Draw successively from a deck. Score = no. of black cards minus no. of red cards. Optimal strategy convergence?

Question

During an interview, I was asked the following problem:

We shuffle a deck of 52 cards (26 red and 26 black cards), and enter the following the game: starting with a score of $0$, we will draw a card from the deck. If it is red, we decrement our score by $1$, and if it is black we increment it by $1$. We can decide to stop playing whenever we desire, and our gains will be our score at this moment. What is the best strategy and what is the expected gain associated?

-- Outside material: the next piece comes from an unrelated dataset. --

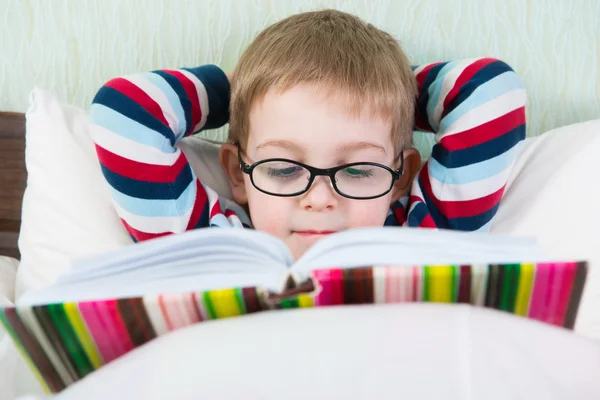 Küçük sevimli çocuk okuma kitabı yatakta — Stok fotoğraf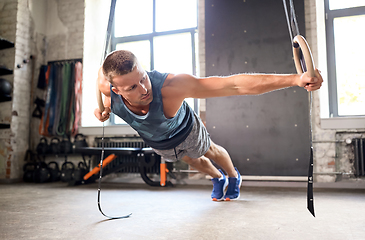 Image showing man doing exercising on gymnastic rings in gym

With the help of the interviewer I did manage to find most of the solution. Let's say we already played a bit and observed how many red and black cards already came up. We know there remain $b$ black cards and $r$ red cards, so that our current score is $(26-b) - (26-r) = r - b$. Should we continue playing or should we keep our gain? Well, we should continue playing if and only if the expected gain of continuing is higher than our current gain. In fact, our expected gain $f(b, r)$ given there remain $b$ black cards and $r$ red cards verifies \begin{equation*} f(b, r) = \max\left\{r-b,\; \frac{b}{r+b}\cdot \left[1 + f(b-1, r)\right]+\frac{r}{r+b}\cdot \left[-1 + f(b, r-1)\right]\right\} \end{equation*} because when we choose to continue, there is a probability of $\frac{b}{b + r}$ to draw a black card, which increases our score by 1 and leaves us with $b - 1$ black and $r$ red cards. This scenario leads to an expected gain of $1 + f(b - 1, r)$. Similarly, there is a probability of $\frac{r}{b + r}$ to draw a red card, decreasing our score by 1 and leaving us with $b$ black and $r - 1$ red cards, resulting in an expected gain of $-1 + f(b, r - 1)$.

We easily see that $f(b=26, r=0) = 26$ and $f(b=0, r=26) = 0$, and we can compute any $f(b, r)$ in $O(b\times r)$ time complexity using memoization.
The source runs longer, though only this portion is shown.